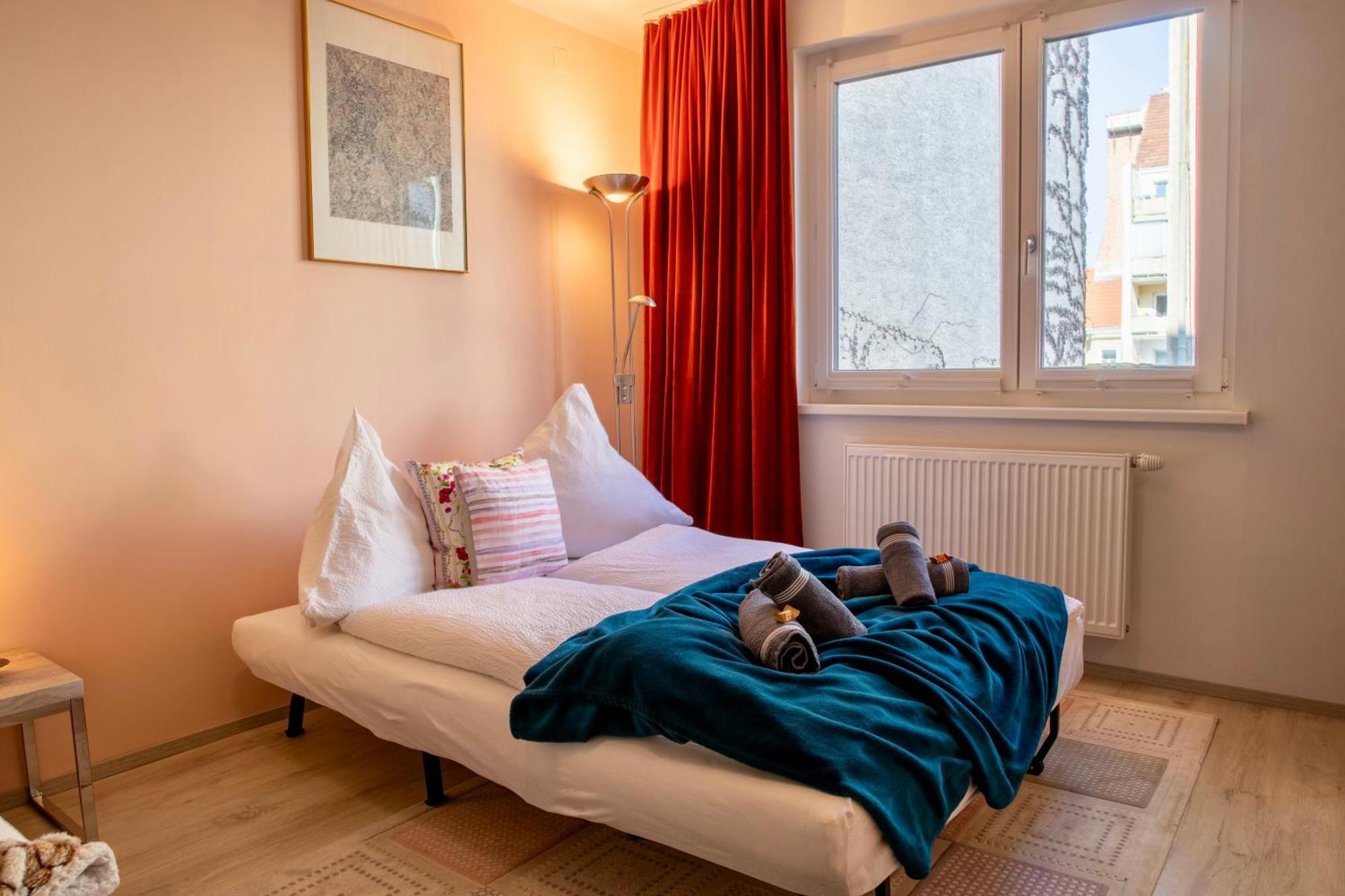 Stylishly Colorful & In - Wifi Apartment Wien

==

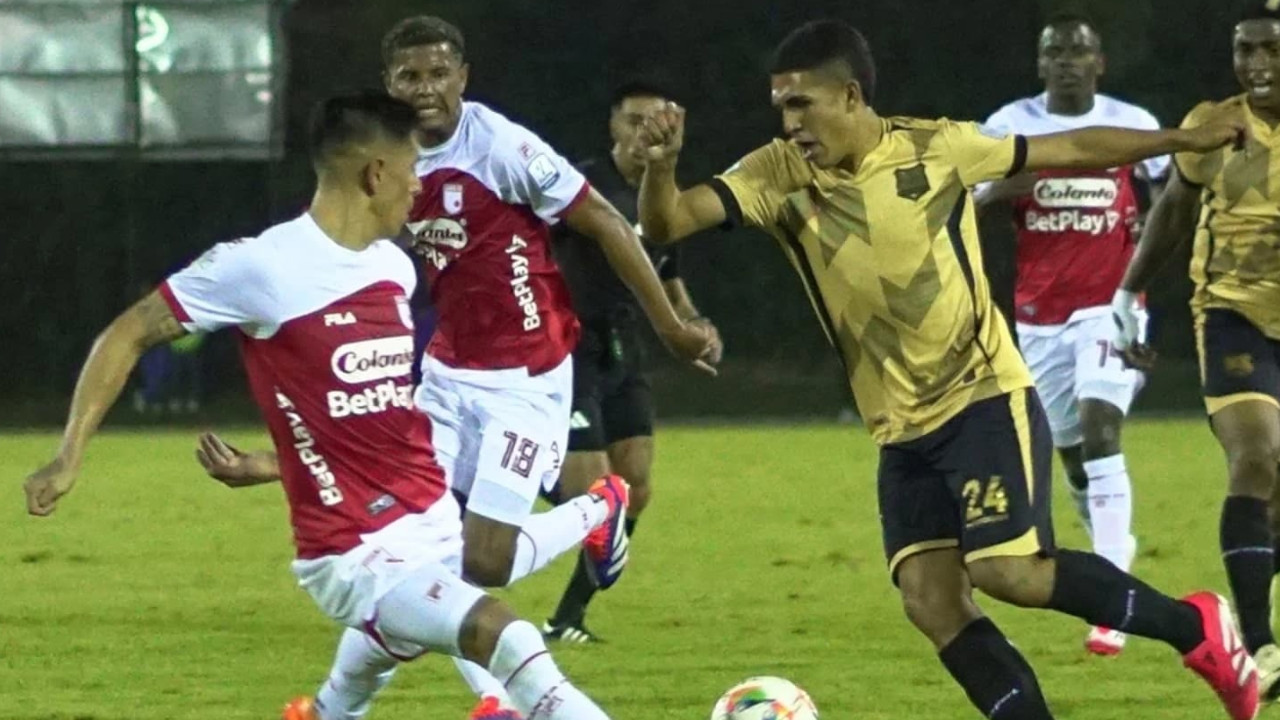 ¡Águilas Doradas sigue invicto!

...

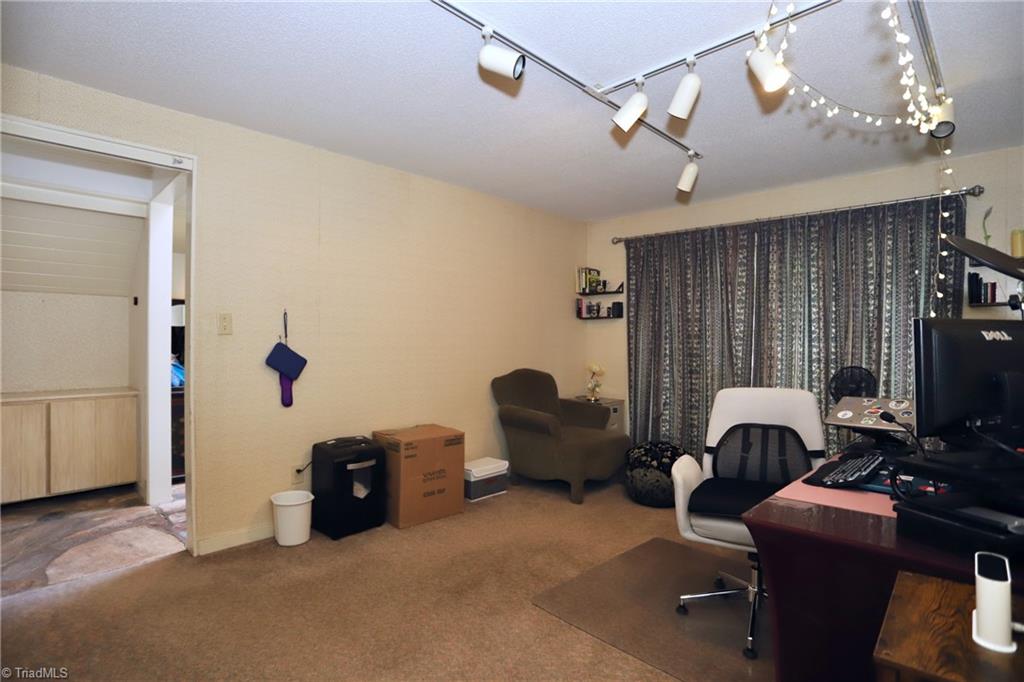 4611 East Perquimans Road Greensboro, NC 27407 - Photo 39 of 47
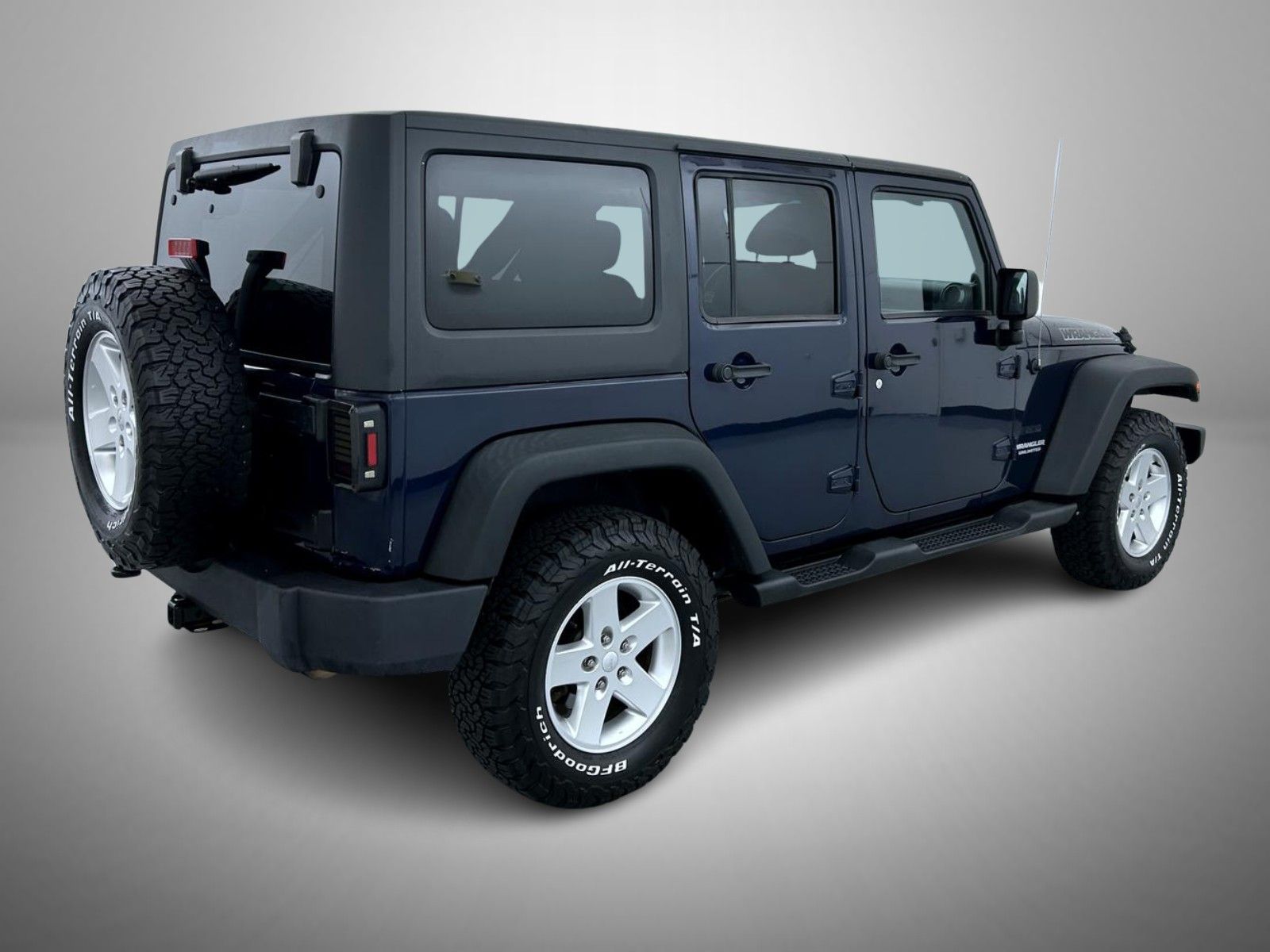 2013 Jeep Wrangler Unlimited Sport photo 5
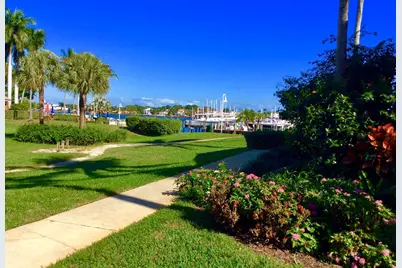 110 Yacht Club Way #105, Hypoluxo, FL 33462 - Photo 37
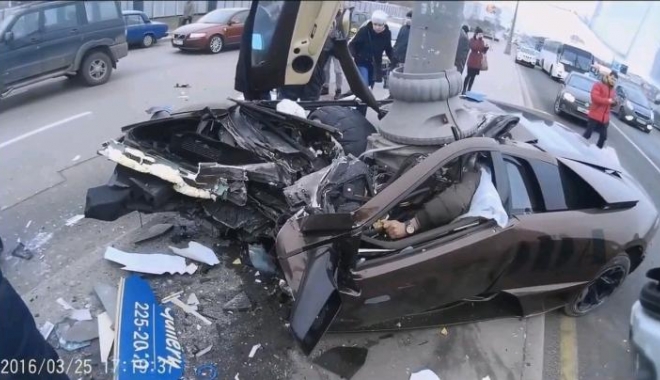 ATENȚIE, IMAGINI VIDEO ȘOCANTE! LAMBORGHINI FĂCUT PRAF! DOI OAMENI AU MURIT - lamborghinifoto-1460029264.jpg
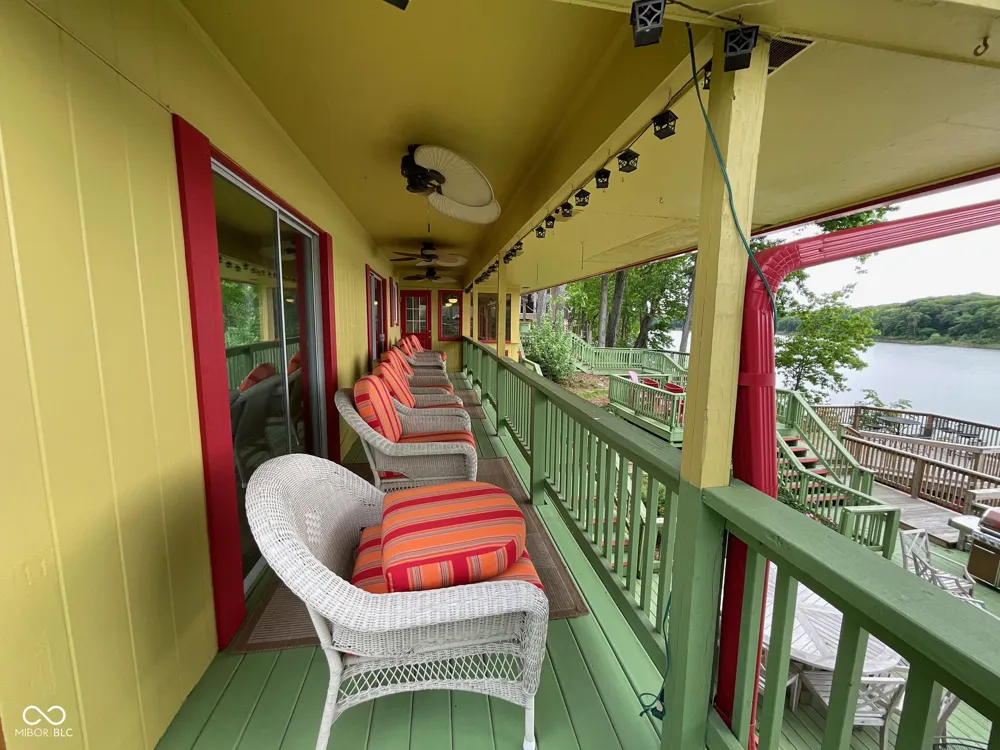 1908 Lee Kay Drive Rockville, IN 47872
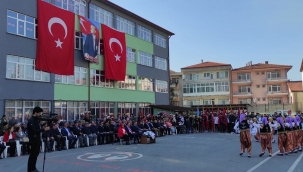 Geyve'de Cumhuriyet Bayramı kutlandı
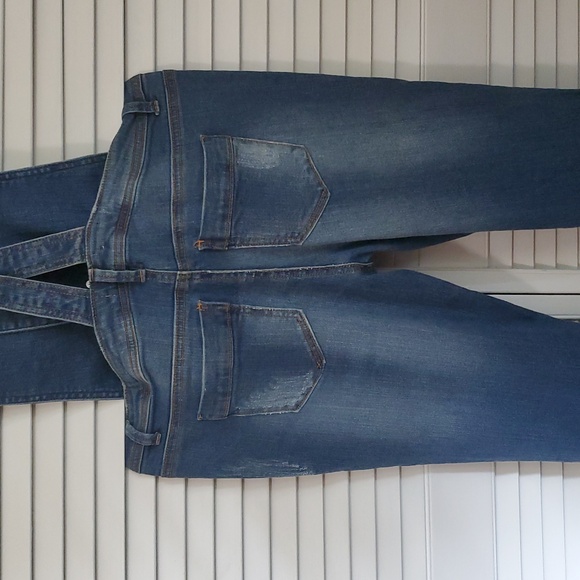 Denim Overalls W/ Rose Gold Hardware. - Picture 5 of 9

- **Task to carry out**
Leave the pictures out. Output, exactly, the lines of the material above starting at the line containing "4611 East Perquimans" and ending at the line containing "Denim Overalls W/".

- **Answer section**
 4611 East Perquimans Road Greensboro, NC 27407 - Photo 39 of 47
 2013 Jeep Wrangler Unlimited Sport photo 5
 110 Yacht Club Way #105, Hypoluxo, FL 33462 - Photo 37
 ATENȚIE, IMAGINI VIDEO ȘOCANTE! LAMBORGHINI FĂCUT PRAF! DOI OAMENI AU MURIT - lamborghinifoto-1460029264.jpg
 1908 Lee Kay Drive Rockville, IN 47872
 Geyve'de Cumhuriyet Bayramı kutlandı
 Denim Overalls W/ Rose Gold Hardware. - Picture 5 of 9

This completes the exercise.